What's New in XSLT 2.0
By Evan LenzIn my previous article, I went through a brief overview of some of the features that XPath 2.0 offers over and above XPath 1.0. We saw that XPath 2.0 represents a significant increase in functionality for XSLT users. In this article, we'll take a look at some of the new features specific to XSLT 2.0, as outlined in the latest working draft. Again, this assumes that you are familiar with the basics of XSLT/XPath 1.0.
XSLT 2.0 and XPath 2.0
XSLT 2.0 goes hand in hand with XPath 2.0. The two languages are specified separately and have separate requirements documents only because XPath 2.0 is also meant to be used in contexts other than XSLT, such as XQuery 1.0. But for the purposes of XSLT users, the two are linked together. You can't use XPath 2.0 with XSLT 1.0 or XPath 1.0 with XSLT 2.0. (At least, the W3C is not currently proposing any such combination.)
A Welcome Arrival
A new version of XSLT has been heavily anticipated in the XSLT user community for some time. As is true with the first versions of many languages, it did not become clear which extensions to the language would prove to be the most important until there had been some real-world experience with it. Since November 16, 1999, when XSLT 1.0 became a recommendation, it has become quite apparent that certain areas of missing functionality are due for inclusion in the next version of the language. In this article, we'll show how XSLT 2.0 addresses four of these areas.

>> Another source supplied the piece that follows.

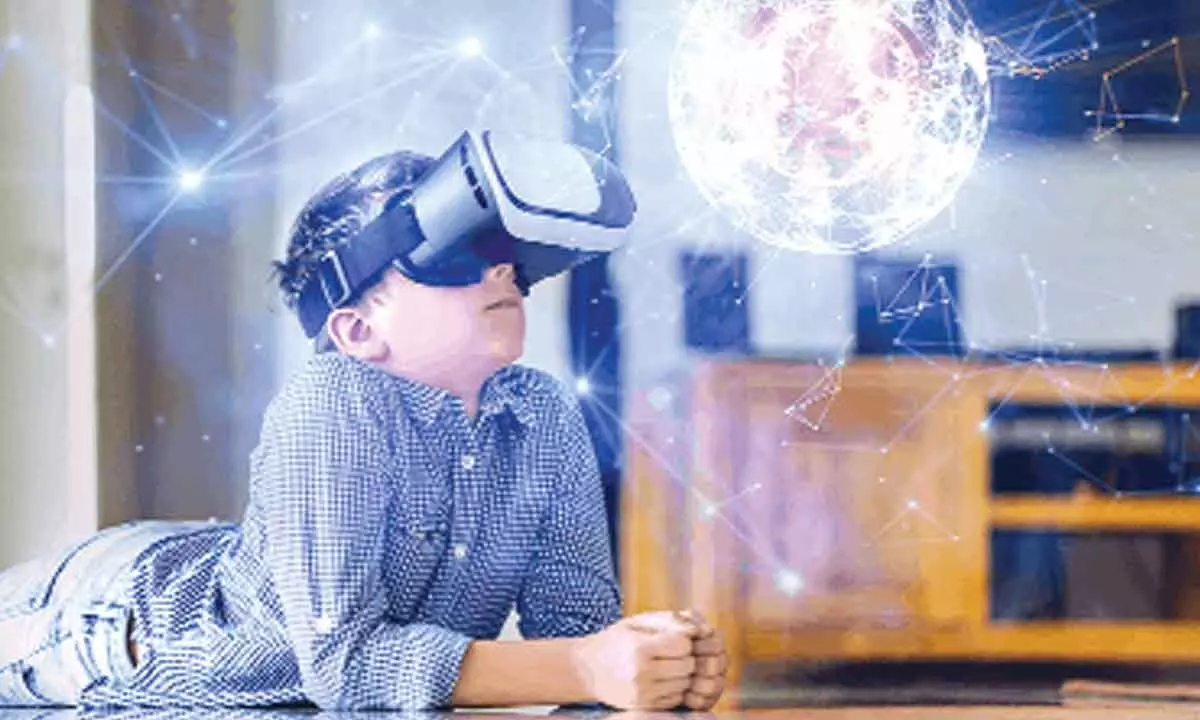 VR, AI distrupting how a child learns
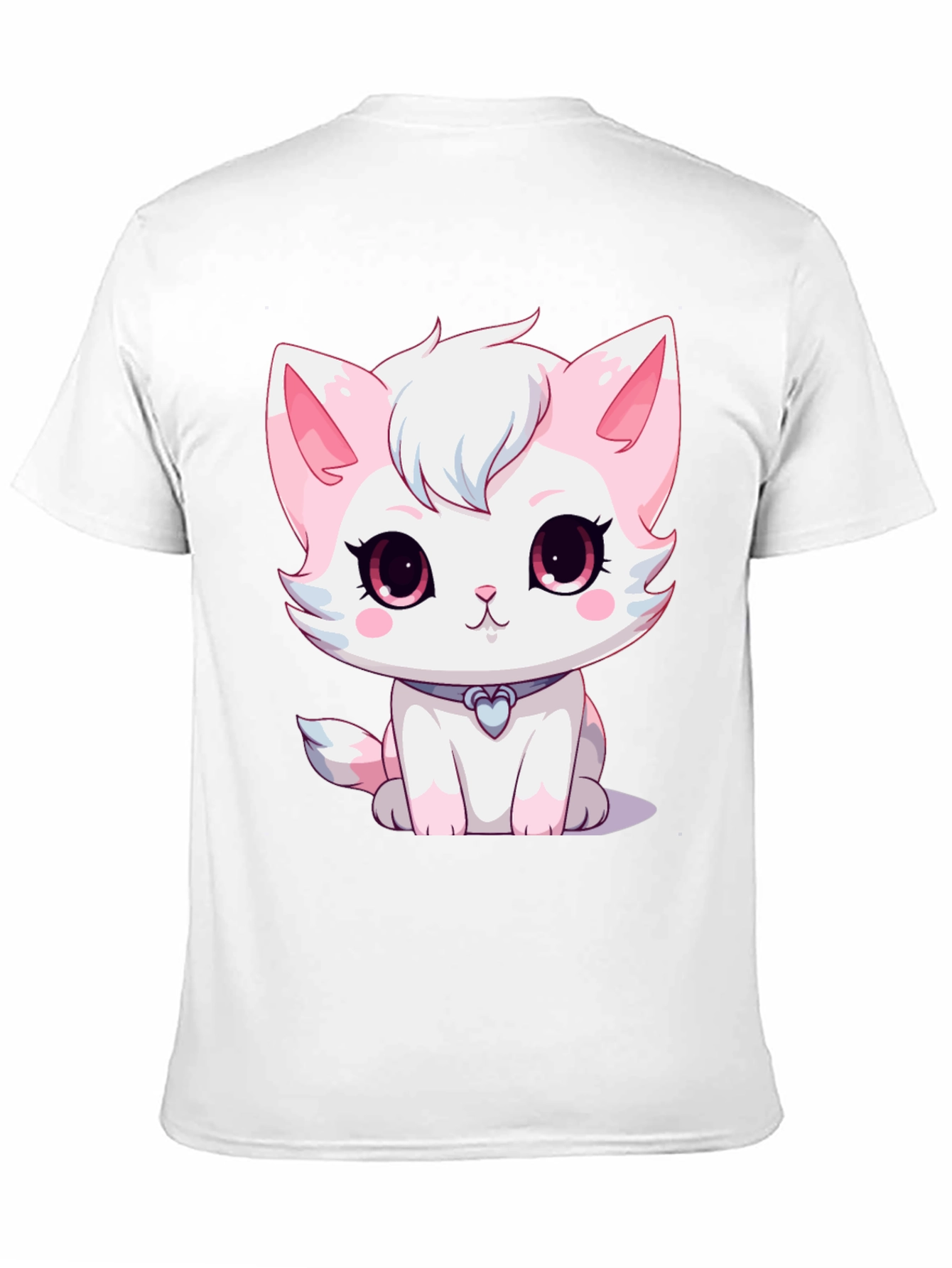 Cute Cartoon Kitten T-Shirt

- Conversion of result tree fragments to node-sets
- Multiple output documents
- Built-in support for grouping
- User-defined functions (implemented in XSLT)
Death To the Result Tree Fragment!
In XSLT 1.0 the result tree fragment (RTF) type is like a node-set, but it is really
a second-class citizen. An RTF is what you get whenever you use xsl:variable
to construct a temporary tree. The problem is that you can't then use an XPath expression
to access the innards of this tree, unless you use a vendor-specific extension function,
usually called something like node-set()
, to convert the RTF into a first-class node-set (consisting of one root node). The
rationale for the RTF data type was that it would reduce implementation burden, but
since almost all existing XSLT processors provide their own version of a node-set()
extension function anyway, that consideration has become moot. In any case, the need
to overcome this limitation has been clear for some time, as it is important to be
able to break up complex transformations into sequences of simpler transformations.
If you haven't guessed already, XSLT 2.0 has shown RTFs the door. Now when you use
xsl:variable
to create a temporary tree, the value of that variable is a true node-set. Actually,
in XPath 2.0 terms, it is a true node sequence, consisting of one document node, which is XPath 2.0's name for what XPath 1.0 called a "root node". With that sequence
you can then use path expressions to drill down inside the tree, apply templates to
it, and so on, just like you would with any other source document. With XSLT 2.0,
there is no longer a need for the node-set()
extension function.
Enabling Multiple Output Documents
Another extension which many XSLT 1.0 processors provide is support for multiple output
documents. This extension has proven very useful, especially for statically generating
web sites containing multiple pages. The problem with extensions is that they aren't
standard. Each XSLT processor has a different extension element for doing this, e.g.
saxon:output
, xt:document
, etc.
XSLT 2.0 provides a standard way to output multiple documents, using the xsl:result-document
element. The following example stylesheet constructs multiple output documents, one
"principal result document" and a variable number of "secondary result documents".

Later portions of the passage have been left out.